Task to complete:
The expected output is an exact copy of the lines from the one containing "トランプのクリスマス | トランプが再びクリスマスを素晴らし作る ラッピングペーパー" to the final line below, minus any pictures.

Records:
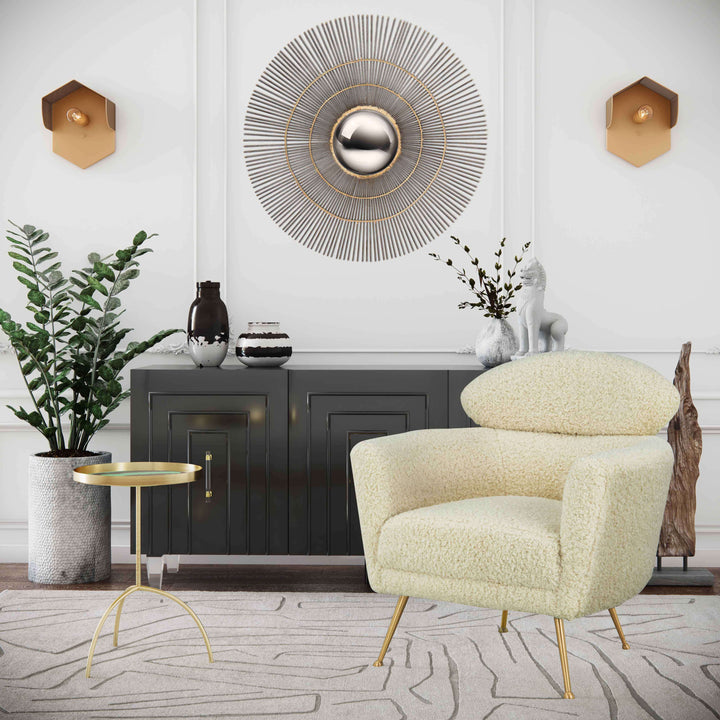 Celtic Faux Shearling Chair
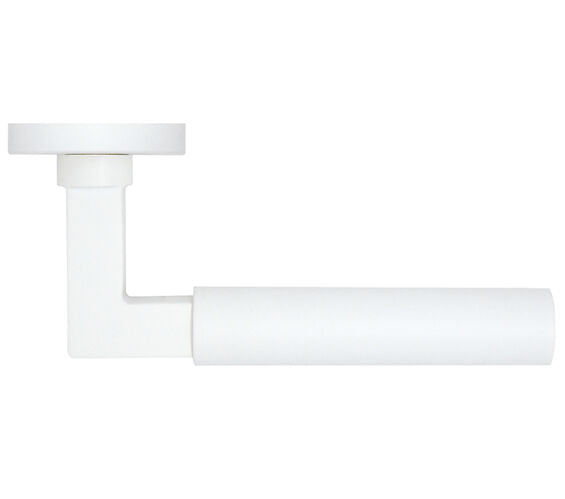 White metal bracket on a white background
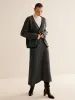 Contrast Side Piping Belted Sweater Co-ords sold by COMMENSE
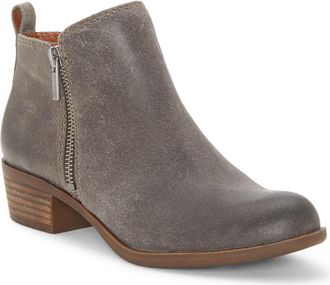 Lucky Brand Basel Bootie in Storm Leather at Nordstrom, Size 6.5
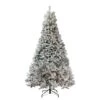 Northlight 7.5ft. Pre-Lit Heavily Flocked Pine Artificial Christmas Tree, Clear Lights 1 Northlight 7.5ft. Pre-Lit Heavily Flocked Pine Artificial Christmas Tree, Clear Lights -Northlight Shop D810349S 1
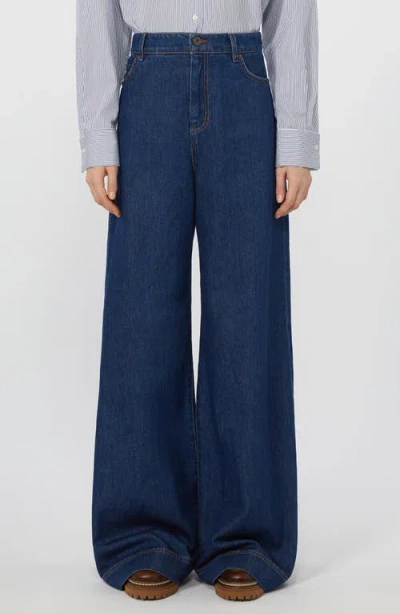 Weekend Max Mara Ciro Wide Leg Jeans In Blue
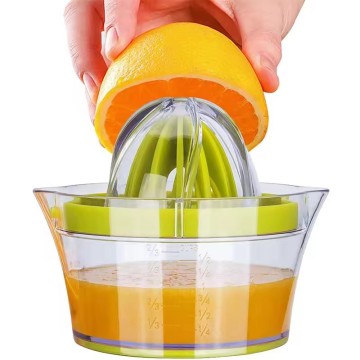 4-in-1 Manual Juicer with Container - Orange, Lemon, Lime Squeezer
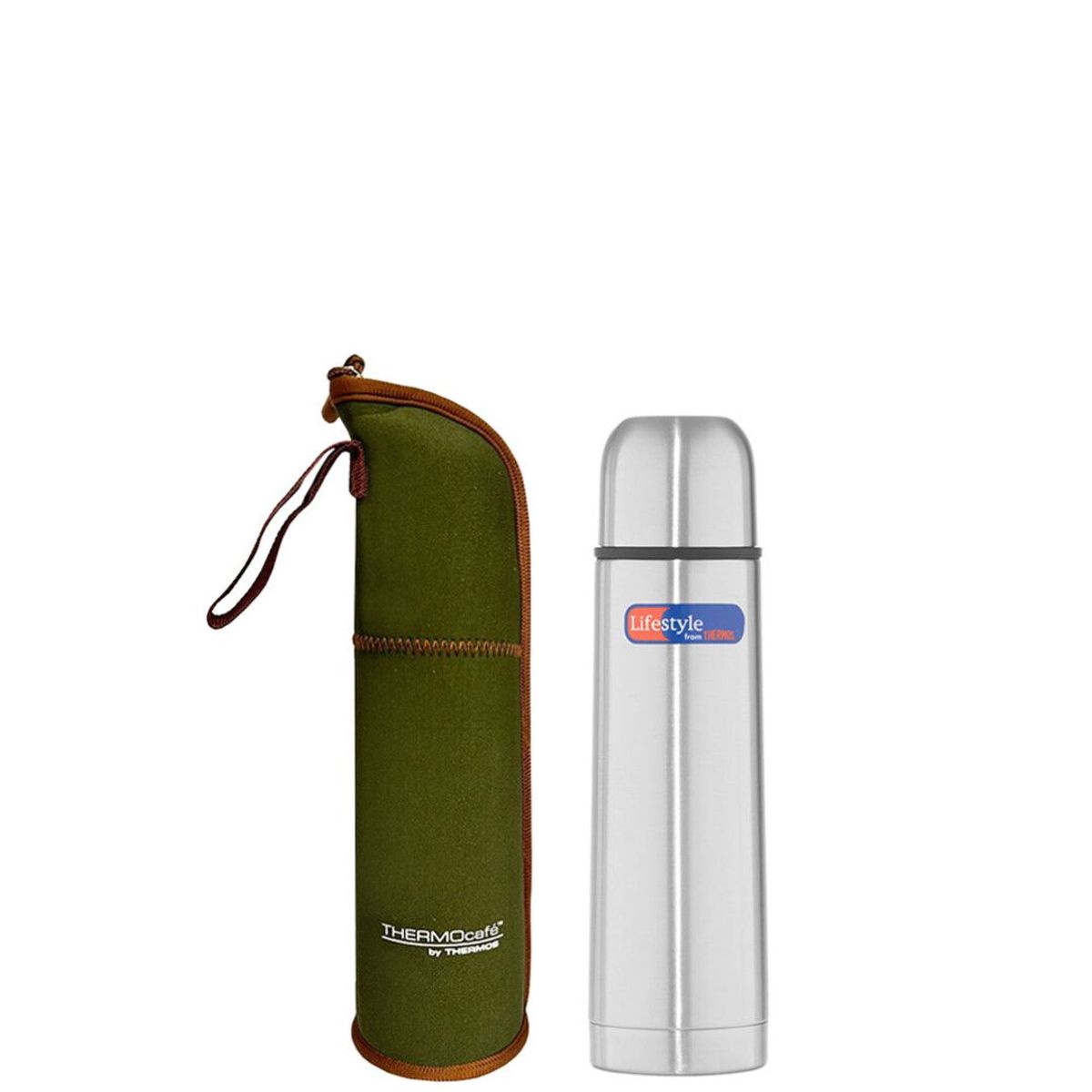 THERMOS - Termo de acero Lifestyle con funda 1 L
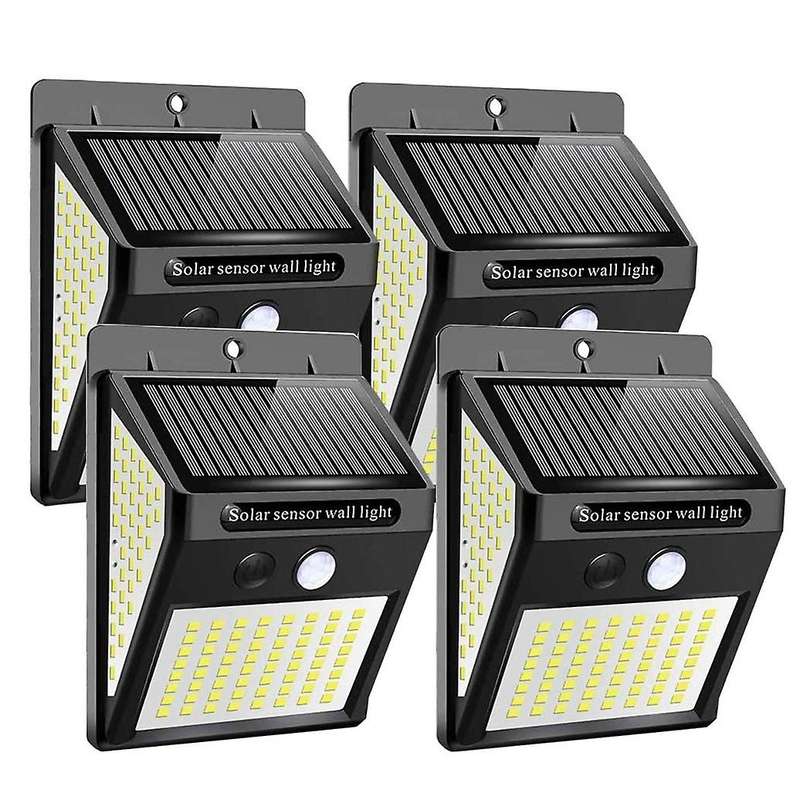 4Pcs Solar Wall Light Outdoor 144 LED Waterproof Solar Motion Sensor Lights for Garden Patio Pathway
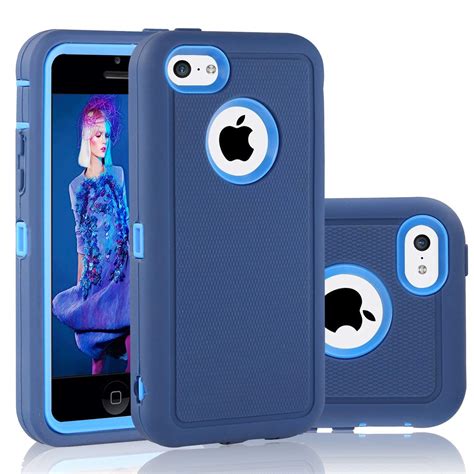 Iphone 5c Case Fogeek Dual Layer Anti Slip 360 Full Body Cover Case Pc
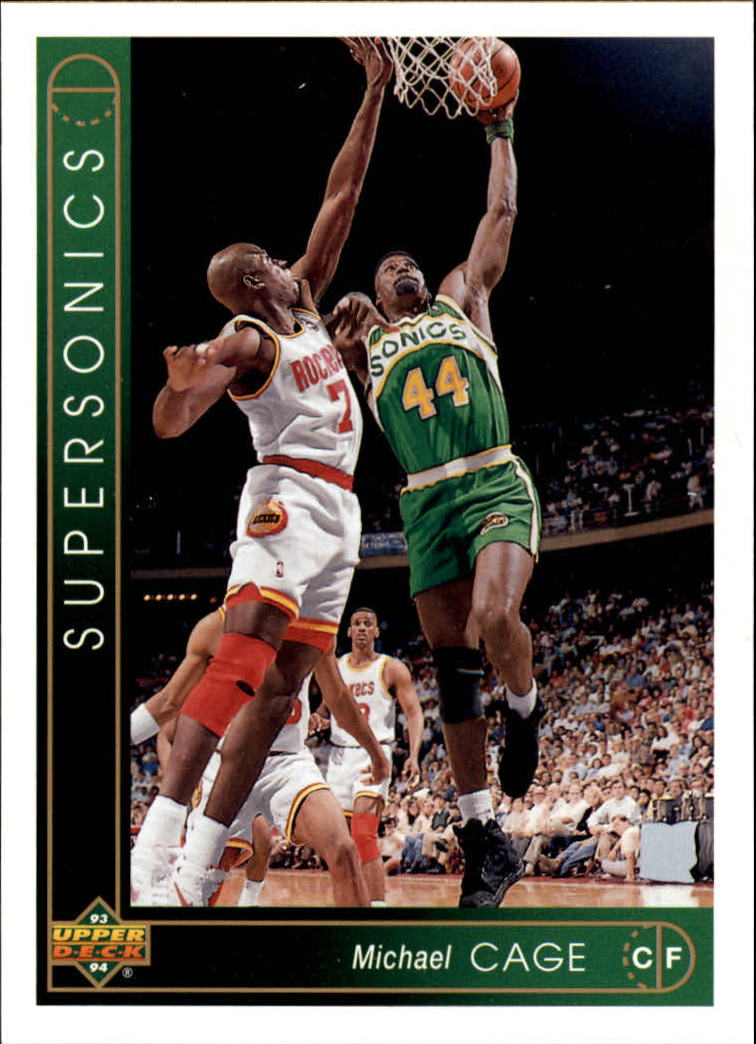 thumbnail 166  - 1993/1994 Upper Deck Basketball Part 2 Main Set Cards #250 to #499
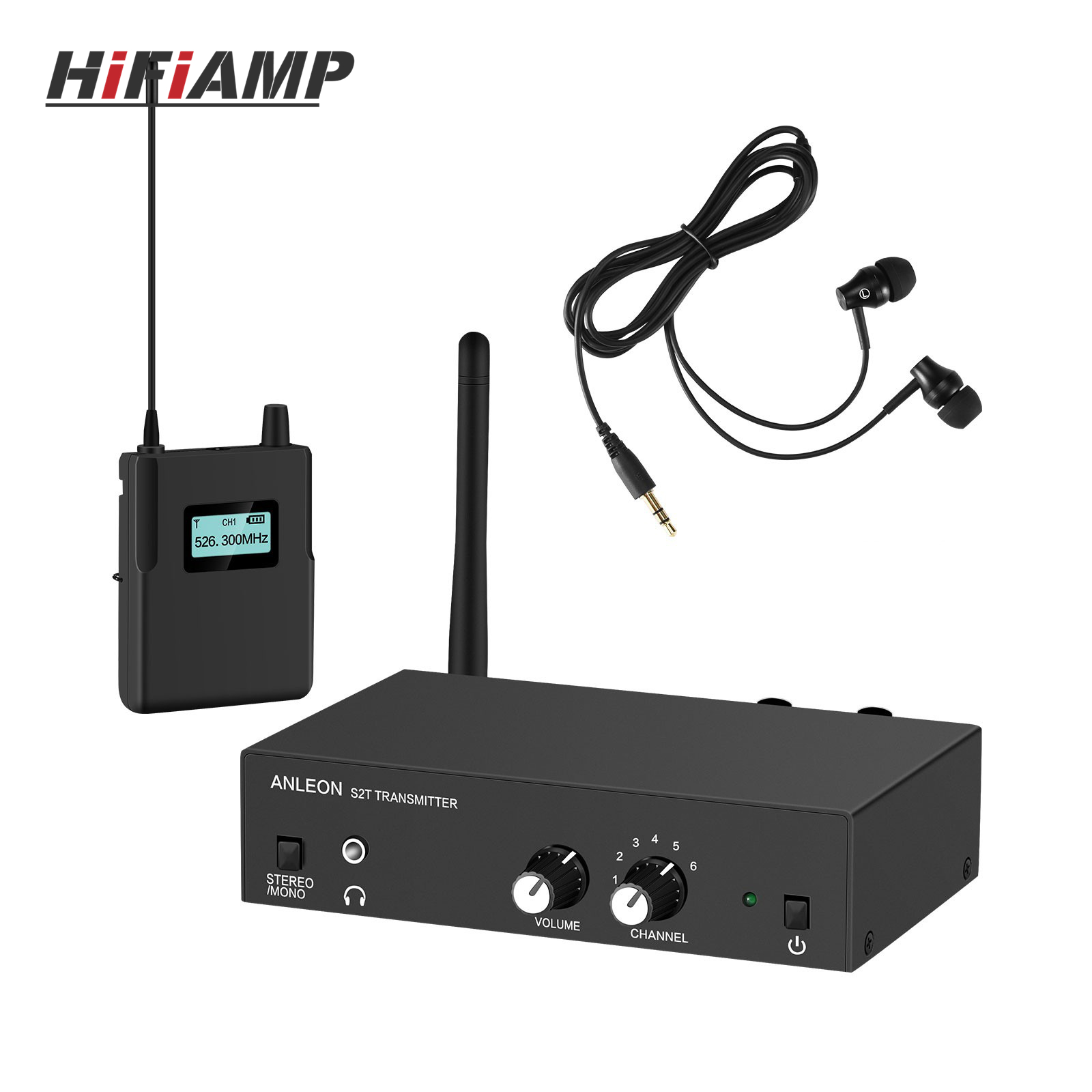 In Ear Monitor Iem - ANLEON S2 526-535MHz/561-568MHz/670-680MHz 인이어 모니터 시스템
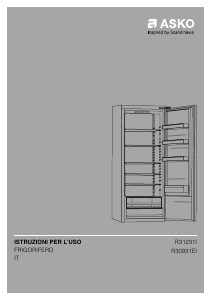 Manuale Asko R31231I Frigorifero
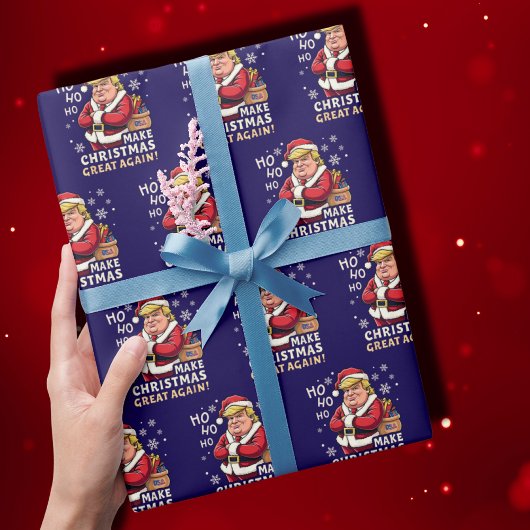 トランプのクリスマス | トランプが再びクリスマスを素晴らし作る ラッピングペーパー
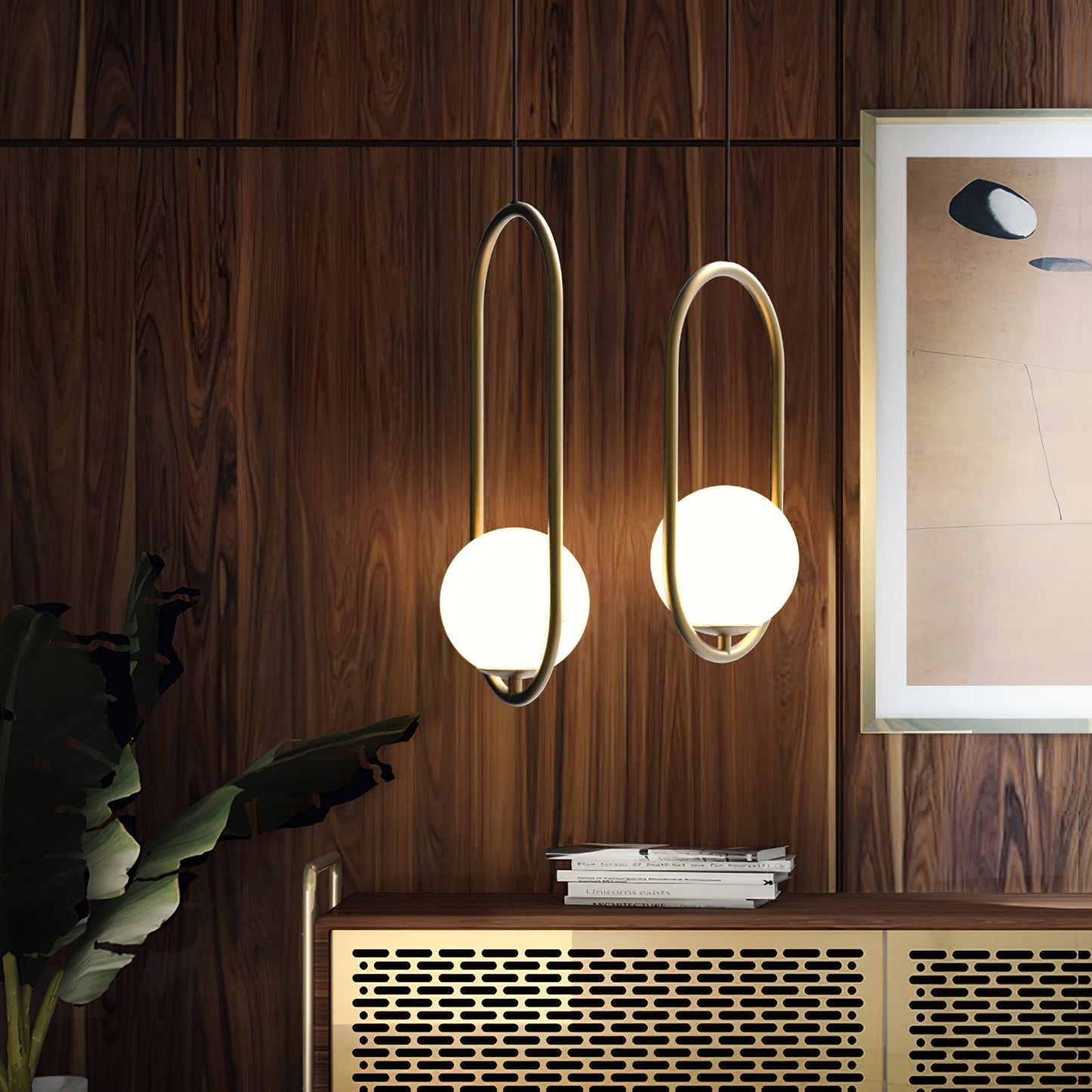 Mila Pendelleuchte | Elegante Hängeleuchte aus Metall und Glas, Warmes Licht für Esszimmer und Moderne Räume-5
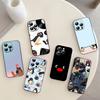 Милый Чехол-Пингвин Пингу для Телефона iPhone 17, 16,15,14,13,12,11 Plus,Pro Max, Других Мягкий Черный Чехол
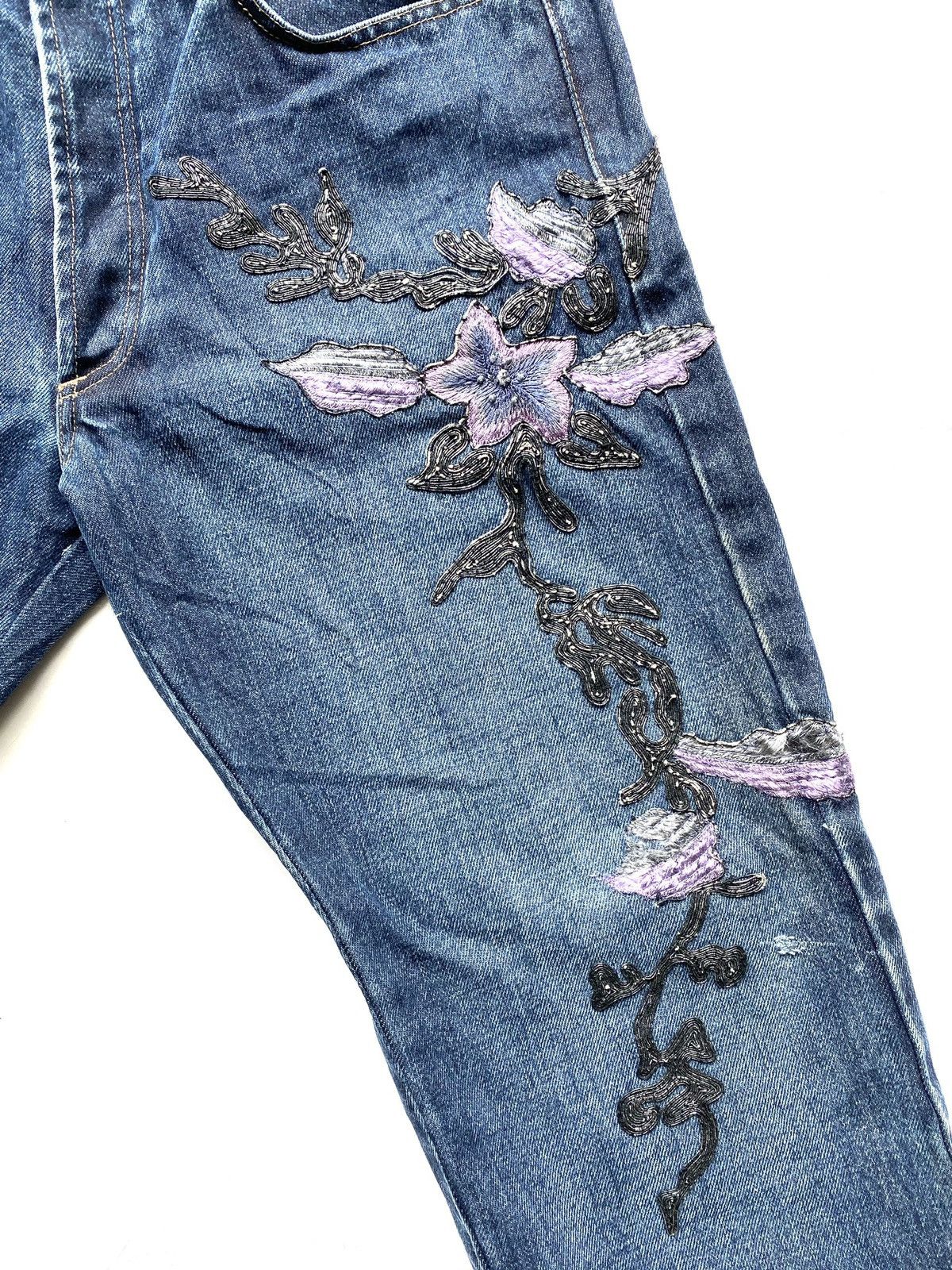 Gucci Fall99 AD And Runway Floral Embroiled Denim Size US 32 / EU 48 - 3 Thumbnail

Expected answer:
 トランプのクリスマス | トランプが再びクリスマスを素晴らし作る ラッピングペーパー
 Mila Pendelleuchte | Elegante Hängeleuchte aus Metall und Glas, Warmes Licht für Esszimmer und Moderne Räume-5
 Милый Чехол-Пингвин Пингу для Телефона iPhone 17, 16,15,14,13,12,11 Plus,Pro Max, Других Мягкий Черный Чехол
 Gucci Fall99 AD And Runway Floral Embroiled Denim Size US 32 / EU 48 - 3 Thumbnail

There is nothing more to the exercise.